The fatter, the better? Obesity and presidential politics.

In an excellent recent Washington Examiner column, Gene Healy makes a case for voting super-sized guys (or gals?) into the White House, noting that the U.S. didn’t fare too badly under the portly Grover Cleveland, the chubby William Howard Taft, or even the somewhat flabby Bill Clinton. While Healy’s tongue is planted firmly in his cheek, he does make a convincing point that celebrity culture has usurped the political process to the point where candidates must be slim and agile, with leading-man good looks. But in what may be a silver lining for portly politicos, New Jersey’s Chris Christie was elected governor despite a BMI that must be somewhere north of 30, despite nasty anti-obesity ads by his opponent.Maybe competence counts more than calories?

Of course, as supporters of Calvin Coolidge, we know that heft can’t be the proper measure of presidential greatness. Like his portly predecessors Taft and, especially, Cleveland, Coolidge was firmly grounded in the Constitution, recognizing the limits this hallowed document places on presidential ambition. Too bad his successors, of varying shirt size, have strayed far from this understanding.

2 thoughts on “The fatter, the better? Obesity and presidential politics.

  1. As we’ve recently arrived to New Hampshire and being keenly interested in our current low level of politics I’ve found Coolidge to be a breath of fresh air. We’ve visited Plymouth Notch and was taken by the place.

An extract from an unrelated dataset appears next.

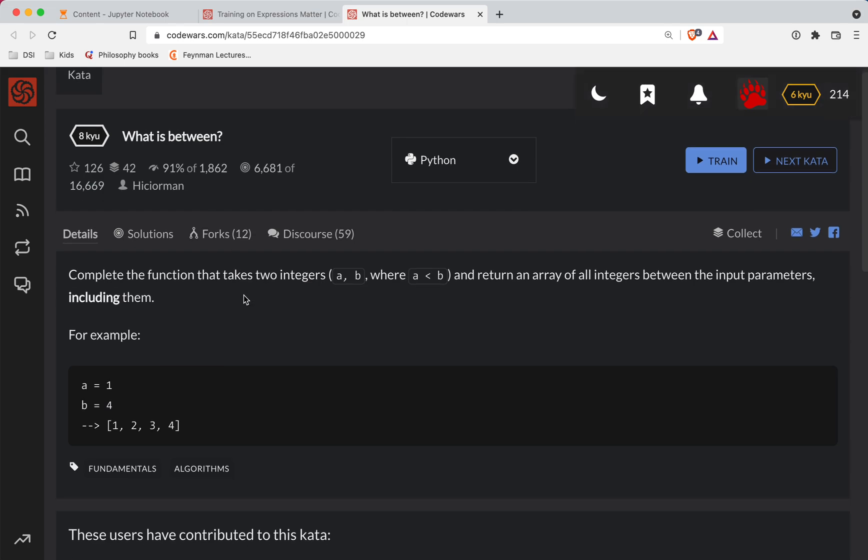So as always, there's a link to the challenge in the show notes if you want to try it out before watching the video. So let's get started.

    While no one can agree with everyone about everything, we could use more Coolidge today than ever.

    Perhaps a rediscovery of the last true American conservative president.

    Thanks for having a blog about this.


    • Dave,
      thanks for the comment! It’s always nice to know someone reads this – especially when he’s
      as knowledgeable and interested as you are. I’m a little envious of you for having had a chance to visit Plymouth Notch!